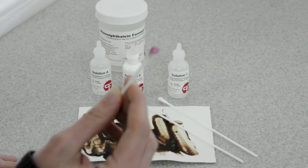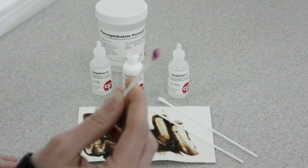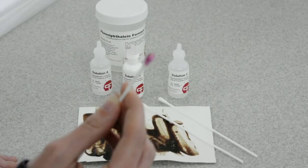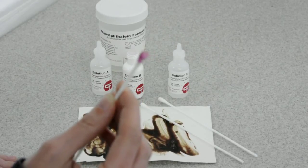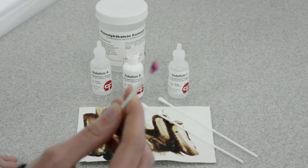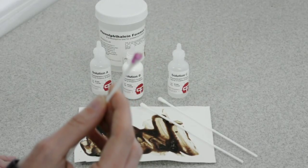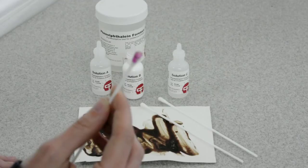The phenolphthalein test is a presumptive test. It should be followed with additional blood tests for confirmation of blood. Although highly reliable, it is only a presumptive test.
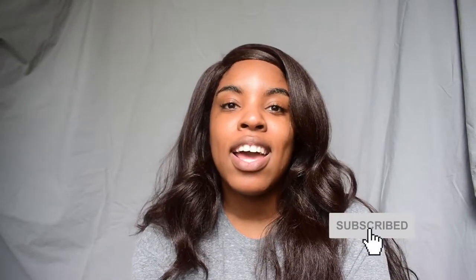Before we get into today's video, I would ask that you subscribe so you can keep up with your favorite girl on the internet. Give this video a thumbs up if you like any part of it, and comment down below — say hi and I'll say hi back. Now let's get into today's video.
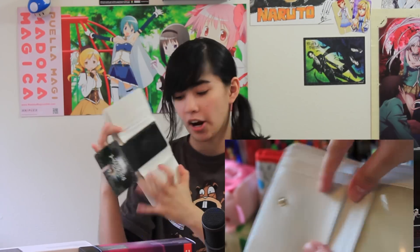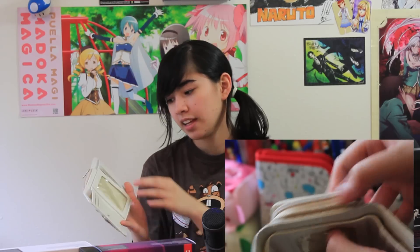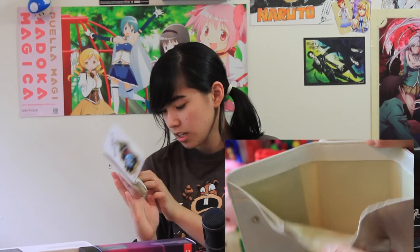So this is a tri-fold wallet and if you can see over here, you'll have two slots over here for cards. Then you have a side slot over here for another card. And then if you take the Death Note wallet thing out, here you can put your ID card or anything that you want seen visually. And then there are three spaces for cards on this side.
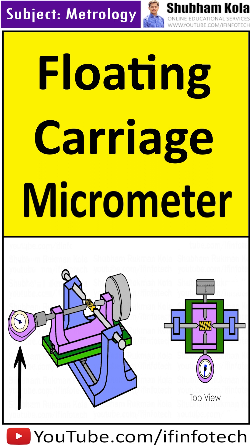On one end of the top slide unit, there is a fiducial indicator to indicate the amount of pressure being applied. On the other end, there is a micrometer drum which can read up to an accuracy of 0.002 mm.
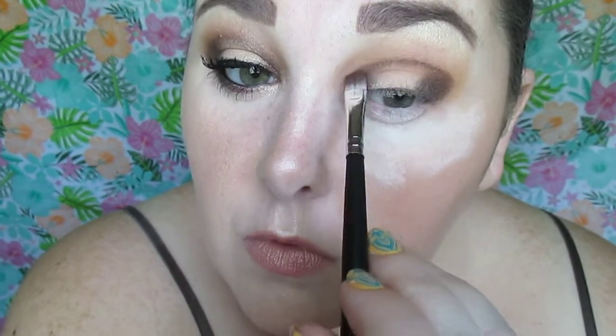Next we're taking shade number twelve, which is absolutely gorgeous, and we're going to apply this in the inner corner and the outer corner. In the directions for this look they do not mention meeting or marrying them in the middle for a typical halo, but I totally did that because I think it would look weird if I didn't — so that's what they wanted you to do right there.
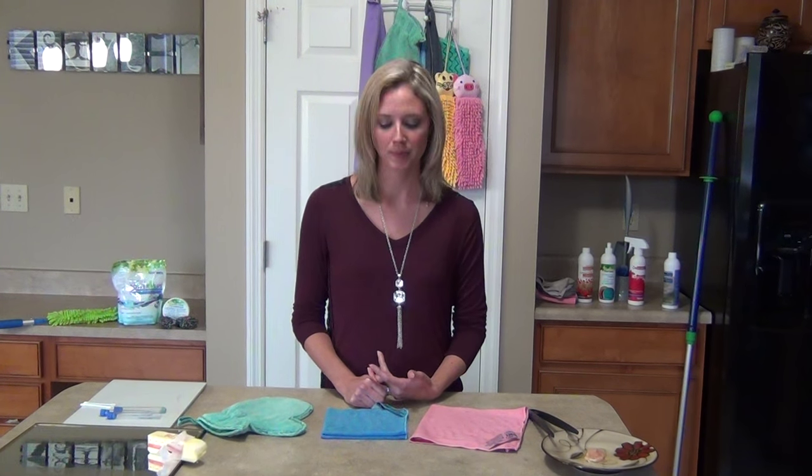Hi, my name is Megan. I'm your independent Norwex consultant. Thank you so much for coming to this online party. I know that your host has thanked you as well. So let's go ahead and get started and let me tell you what Norwex is all about.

**YOUR ASSIGNMENT**:
Output exactly the lines of the listing above that start with the one holding "On one end of" and go on through the one holding "Next we're taking"; leave the pictures out.

**RESPONSE TO THIS TASK**:
On one end of the top slide unit, there is a fiducial indicator to indicate the amount of pressure being applied. On the other end, there is a micrometer drum which can read up to an accuracy of 0.002 mm.
Next we're taking shade number twelve, which is absolutely gorgeous, and we're going to apply this in the inner corner and the outer corner. In the directions for this look they do not mention meeting or marrying them in the middle for a typical halo, but I totally did that because I think it would look weird if I didn't — so that's what they wanted you to do right there.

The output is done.